Retype nothing except the lines below from the one with "New 2026 GMC" through the one with "Copper Grove Pomorie", exactly, with images left out.

· · ·

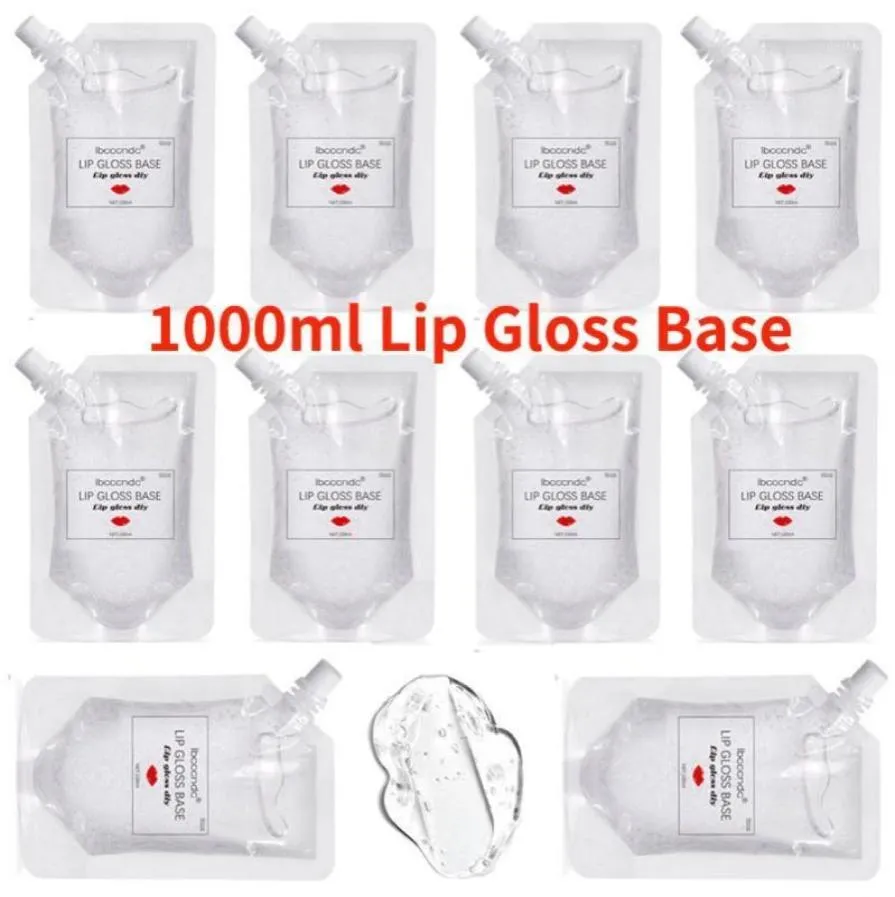 1000 ml DIY Clear Lipgloss Basisolie Nitaanvals hydraterende lippenstiftmateriaal Gel Lip Gloss Handgemaakte vloeistofmake -up12788549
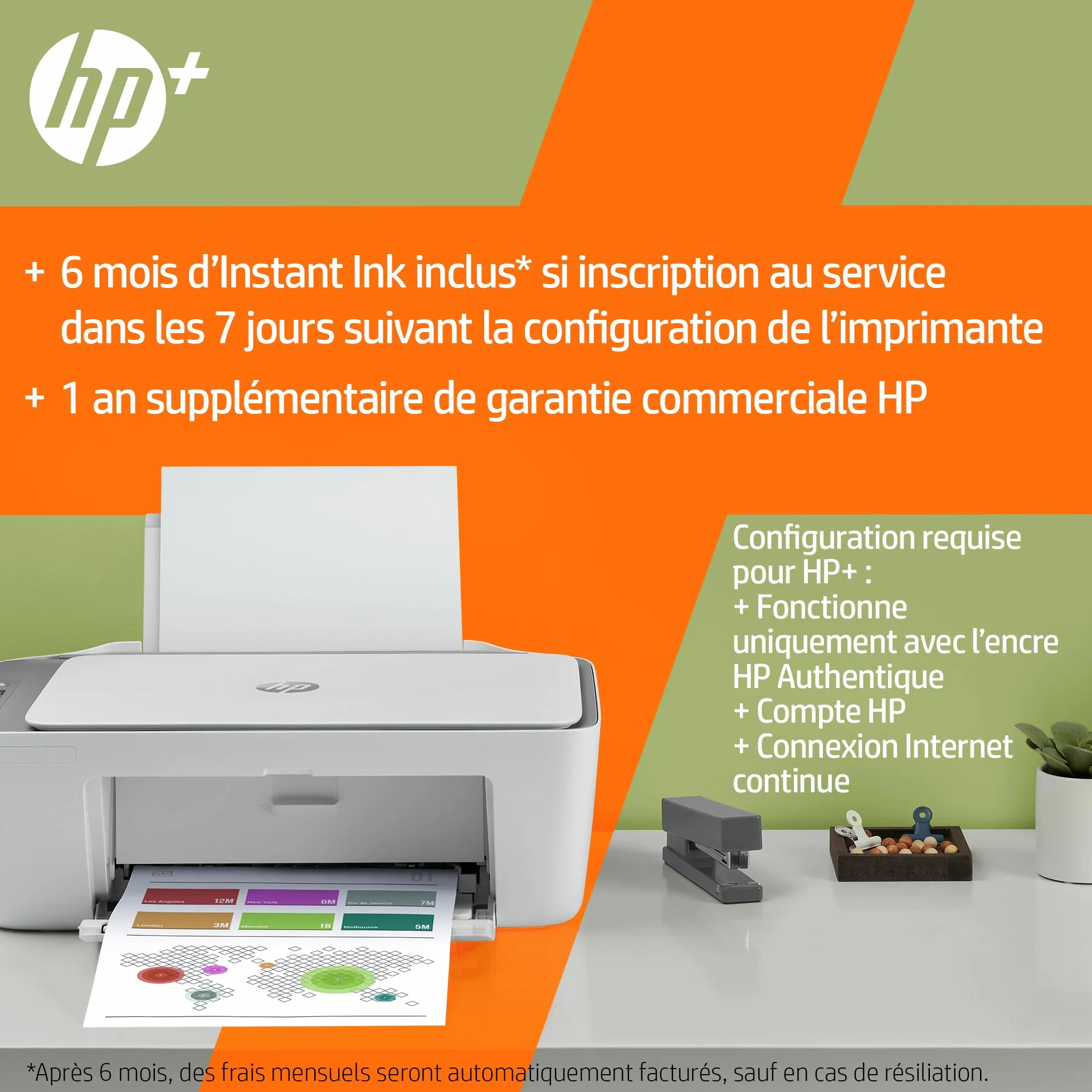 HP 2720e Impresora Multifuncion Wifi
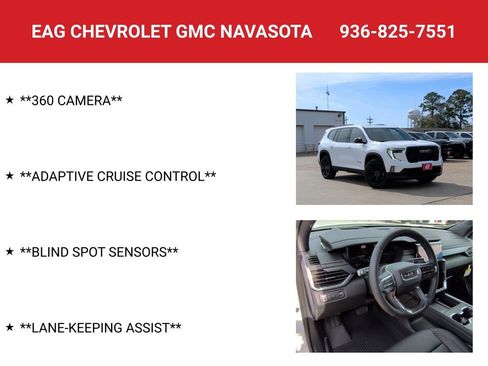 New 2026 GMC Acadia Elevation w/ Black Edition image 8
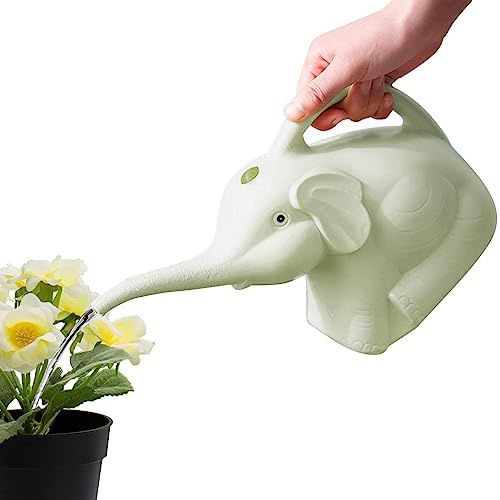 Djowyh Regadera de flores, diseño de elefante, jarra de agua de elefante, pequeña regadera, para interior y exterior, casa, jardín, flores, plantas de interior, riego, VUD4JZJ5JIUIS7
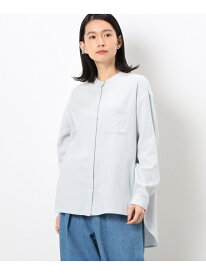 【SALE／50%OFF】コットンネルバンドカラーシャツ ONIGIRI コムサイズム トップス シャツ・ブラウス ブルー ホワイト ベージュ【RBA_E】[Rakuten Fashion]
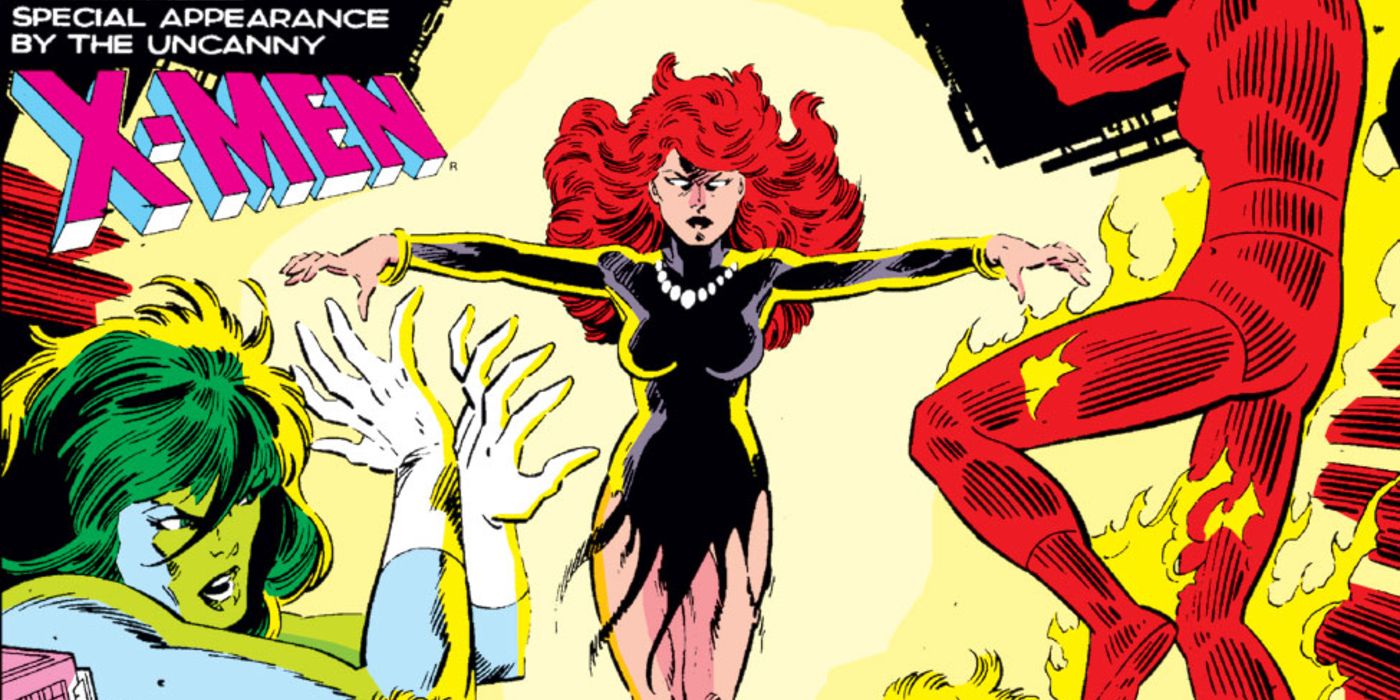 Jean Grey returns from the dead on the cover of Fantastic Four 286.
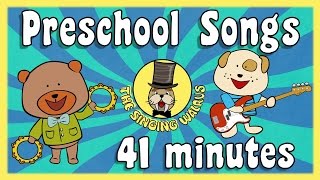 Preschool Song compilation  Songs for Kids  The Singing Walrus [upl. by Angelle199]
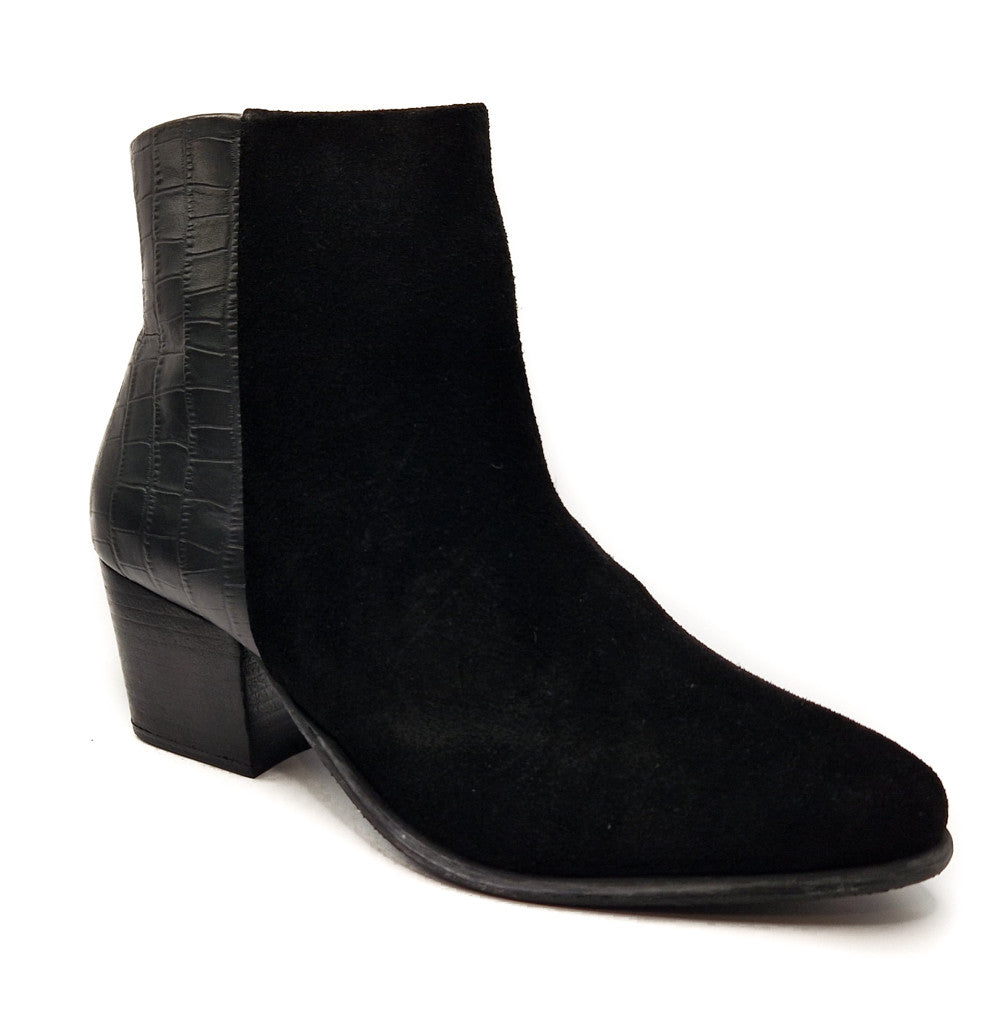 Womens Ankle Zip Up Real Leather Wide Fit Boots Heel Ladies Chelsea Shoes Size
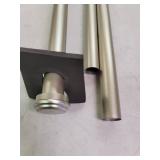 Copper Grove Pomorie Outdoor Curtain Rod and Finial Set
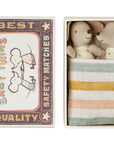 Twins, Baby Mice in Matchbox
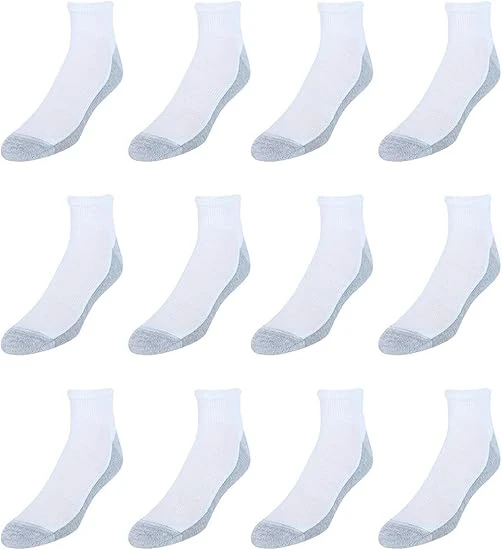 Hanes Double Tough Ankle Socks 6-Pair Pack - Men's Athletic Socks - Hanes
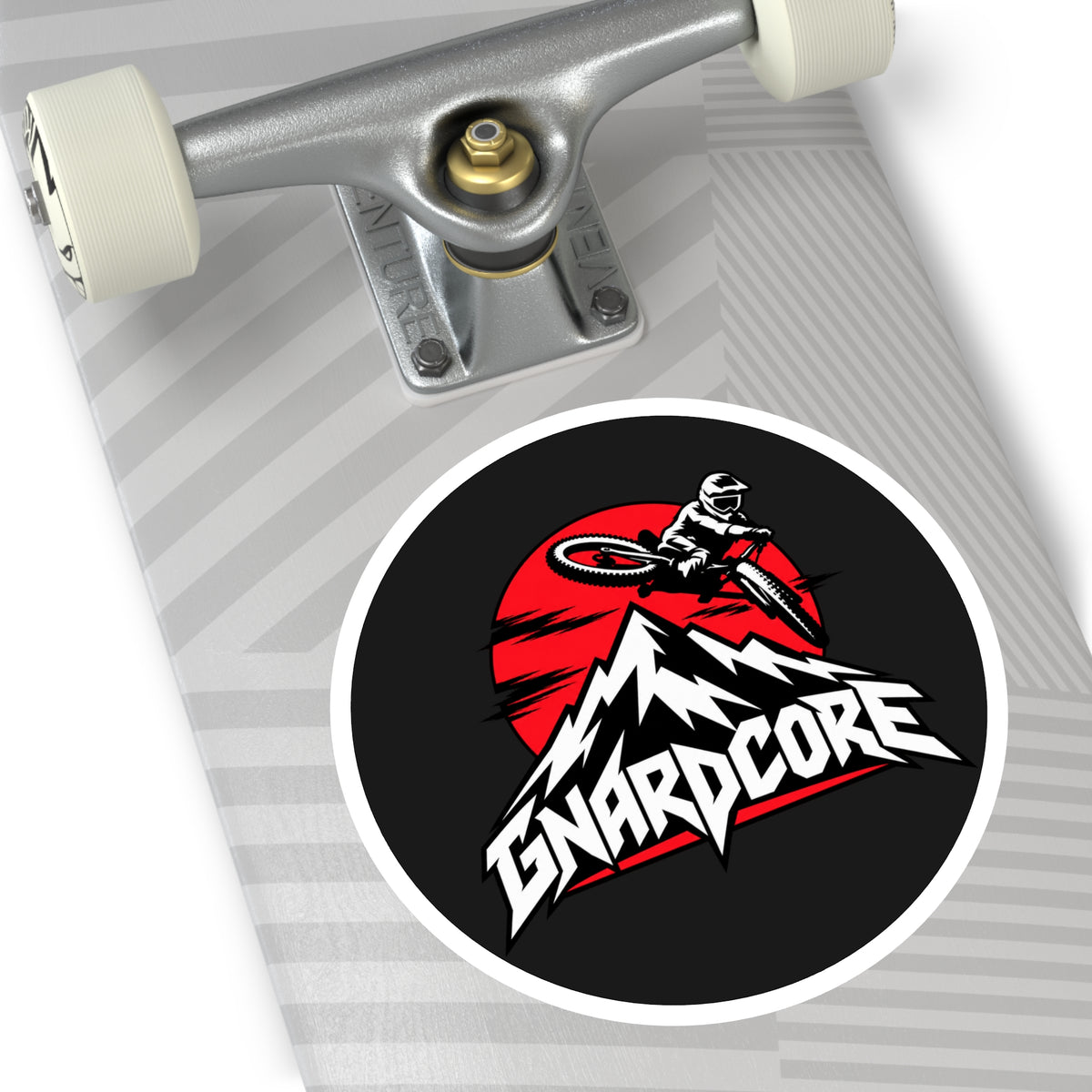 GNARDCORE Round Sticker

· · ·

#### Solution to this task
 New 2026 GMC Acadia Elevation w/ Black Edition image 8
 Djowyh Regadera de flores, diseño de elefante, jarra de agua de elefante, pequeña regadera, para interior y exterior, casa, jardín, flores, plantas de interior, riego, VUD4JZJ5JIUIS7
 【SALE／50%OFF】コットンネルバンドカラーシャツ ONIGIRI コムサイズム トップス シャツ・ブラウス ブルー ホワイト ベージュ【RBA_E】[Rakuten Fashion]
 Jean Grey returns from the dead on the cover of Fantastic Four 286.
 Preschool Song compilation  Songs for Kids  The Singing Walrus [upl. by Angelle199]
 Womens Ankle Zip Up Real Leather Wide Fit Boots Heel Ladies Chelsea Shoes Size
 Copper Grove Pomorie Outdoor Curtain Rod and Finial Set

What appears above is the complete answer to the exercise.